Tropes exhibited by this film include:
- Completely Missing the Point: The talk show hostess who comments on "No Surprises" as "music to cut your wrists to".
- Creator Breakdown: Especially in hindsight, the film is more or less a real-time documentation of one happening in-universe.
- Deliberately Monochrome: Sometimes.
- Gratuitous French: Spoken by Colin early on in the film.
- Mood Whiplash: During a photo shoot in Japan, there is a moment where the camera focuses on Thom's face amidst the increasingly louder snaps of cameras. For a second, the sound cuts out, leaving the audience staring at Thom as though he is a caged animal... and then the rest of the band is shown during another photo shoot, looking considerably less angsty about having their pictures taken.
- Rockumentary: A very unconventional take on the genre, being more of a mood piece and psychological case study than a typical documentation of a band's history.
- Troubled Production: Happens in-universe; the video for "No Surprises" ends up taking multiple takes to do as a result of it requiring Thom to hold his breath underwater and resume lip-syncing exactly on cue, and the arduousness of the task ends up leaving him increasingly agitated.
- Wall of Text: The inner cover to the DVD release contains a fairly lengthy one, filled with an intentionally vapid motivational speech about coping with rejection, similar to the various faux slogans and motivational phrases found in the liner notes to OK Computer.If you have been rejected many times in your life, then one more rejection isn't going to make much difference.
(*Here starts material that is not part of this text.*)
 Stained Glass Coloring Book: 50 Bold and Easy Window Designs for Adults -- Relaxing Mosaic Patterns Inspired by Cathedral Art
If you're rejected, don't automatically assume it's your fault. The other person may have several reasons for doing so: none of it may have anything to do with you. Perhaps the person is busy or not feeling well or genuinely not interested in spending time with you. Rejections are part of everyday life. Don't let them bother you. Keep reaching out to others. Keep reaching out to others. When you begin to receive positive responses, then you are on the right track. It's all a matter of numbers. Count the positive responses and forget about the rejections.